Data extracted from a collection

- - - - - - -

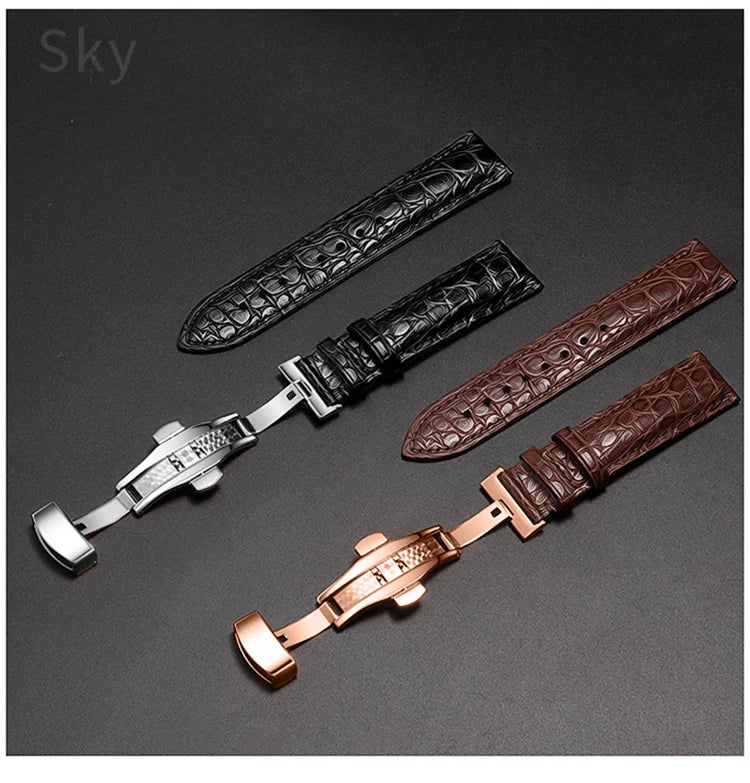 Crocodile Skin Genuine Leather Watch Band with Needle & Butterfly Buckle for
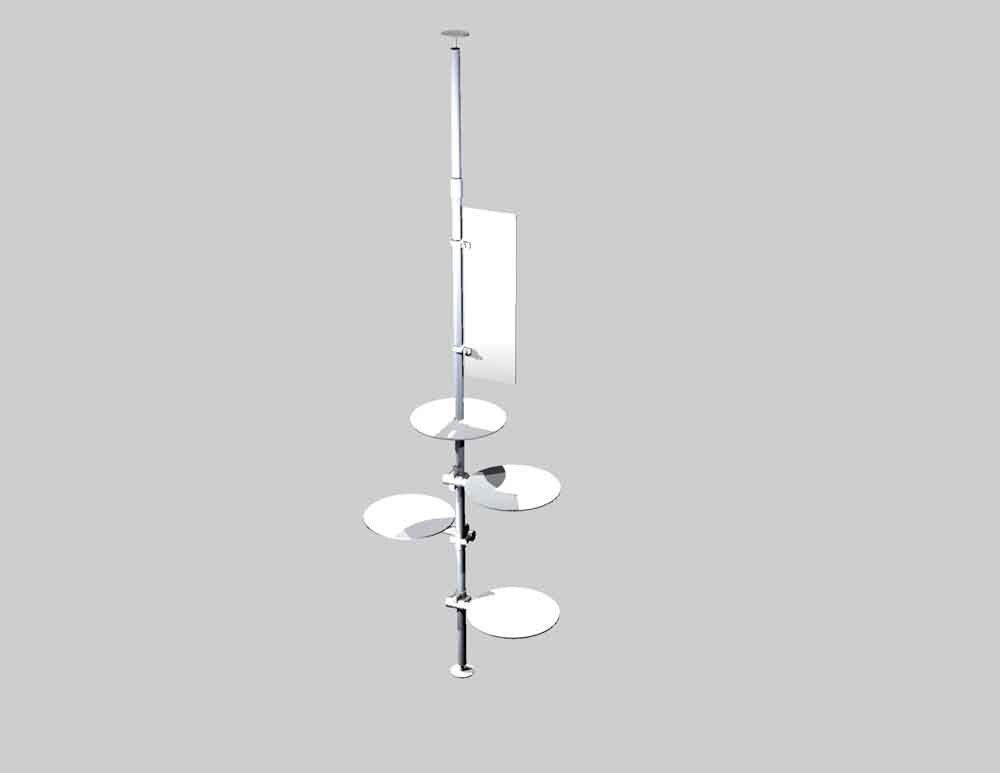 Espositore a soffitto con mensole e supporto grafica componibili per negozi e vetrine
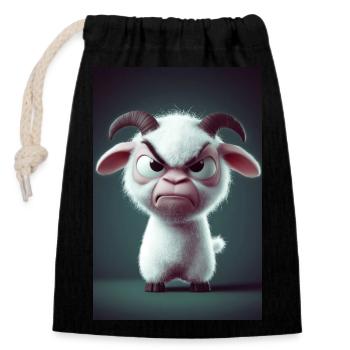 Grumpy Cartoon Goat Stare - Closable cotton gift bag (14x20cm) - black - Front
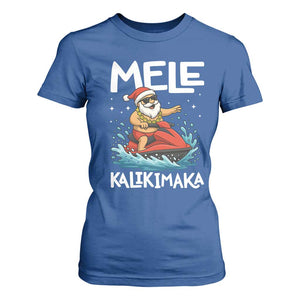 Mele Kalikimaka Hawaiian Christmas T Shirt For Women Funny Santa Jet Ski Summer Beach Xmas In July TS10 Royal Blue Print Your Wear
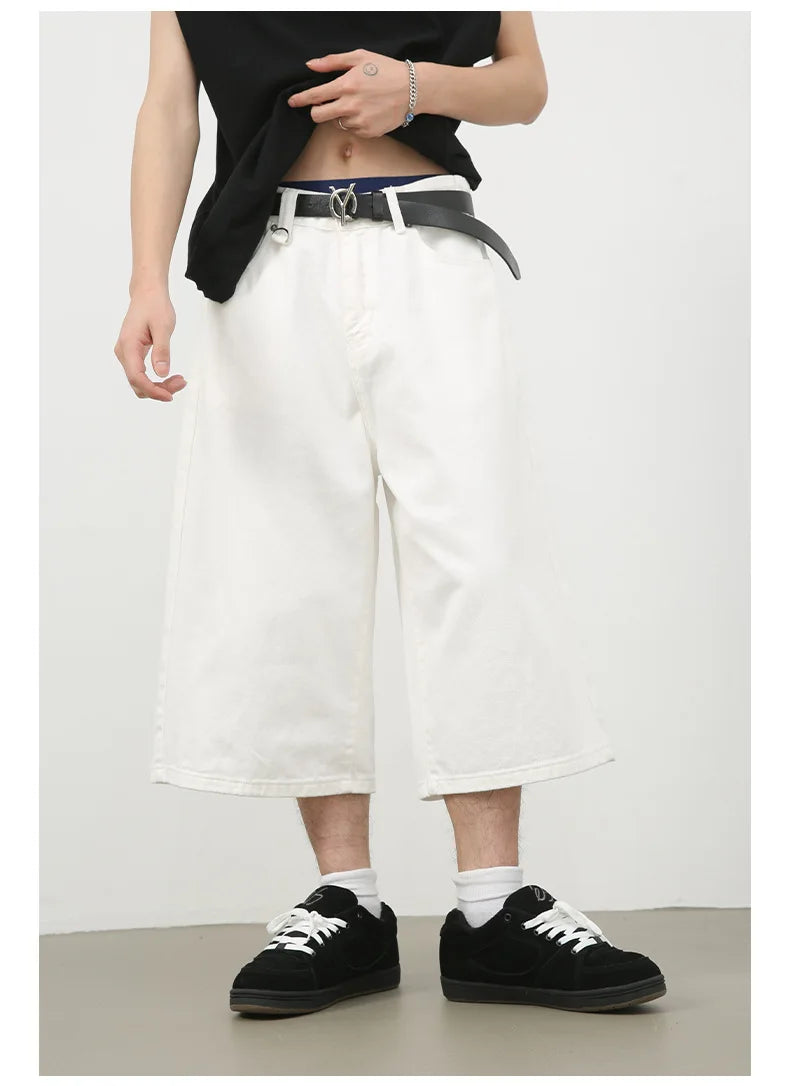 men summer streetwear fashion loose casual wide leg denim calf length jeans pants male vintage jeans baggy hosen pants unique jeans style 1474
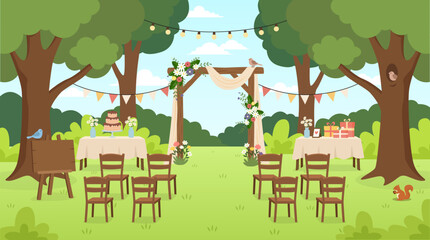 scene depicting the preparations for a wedding in a lush, natural garden. flat illustration design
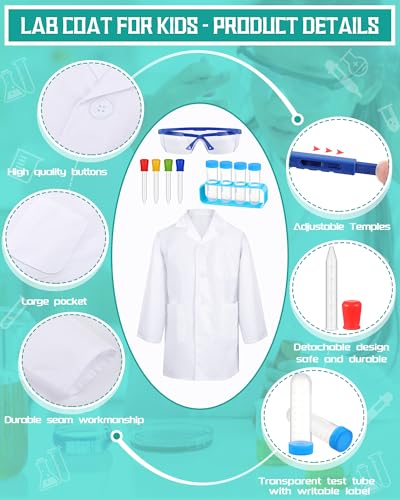 Unittype 6 Set 66 Pcs Kids Lab Coats with Goggles Test Tubes White, S - size: Small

- - - - - - -

→ Exercise
Between and including the line with "Mele Kalikimaka Hawaiian" and the line with "scene depicting the", repeat every line exactly as it appears above, with pictures left out.

→ Finished task
 Mele Kalikimaka Hawaiian Christmas T Shirt For Women Funny Santa Jet Ski Summer Beach Xmas In July TS10 Royal Blue Print Your Wear
 men summer streetwear fashion loose casual wide leg denim calf length jeans pants male vintage jeans baggy hosen pants unique jeans style 1474
 scene depicting the preparations for a wedding in a lush, natural garden. flat illustration design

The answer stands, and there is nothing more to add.